Jackie, Last night the cable people were at my house and I had K & C in their play pen and Kallie was barking up a storm. I remembered what you had said about an alternate behavior and I asked her to "sit". She did sit but she kept on barking!!









I realized that she might have been scared of the men who were there so I put her in her crate in another room and she was fine from then on. 

Barking constantly is really tough to deal with as they seem to have a one-track mind.

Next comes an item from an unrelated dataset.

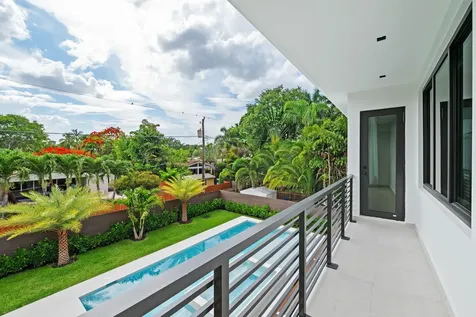 425 NE 10th Avenue Fort Lauderdale FL 33301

Any other suggestions would be welcomed!!!


----------



## Toby's Mom (May 7, 2004)




----------



## jmm (Nov 23, 2004)

An incompatible behavior has to be one that they will not bark through. For my dogs, I actually taught them to go to another room of the house and sit by the treat cabinet. I've had lots of people use a "hold" where the dog has to hold a toy of some sort in their mouth. Most others use a behavior that has the dog moving around a lot like rolling over, crawling, weaving between your legs, etc. Each dog is a little different as to what is incompatible with barking for them. For one dog I worked with, we taught him to "whisper" in a low growl because any activity he did he would continue barking through. If we asked him to use his voice, however, that was incompatible with a bark.


----------



## Boobookit (Dec 3, 2005)

No, you can't use the collar one if it says 8 pounds...I asked in the store and the gentleman was very kind and he told me absolutely not because it could kill him!! I didn't want the collar anyway...I bought the one that emits a sound and, well, he barks right through it....He gives me that "I can't believe you got that", look and he runs the other way and barks!! 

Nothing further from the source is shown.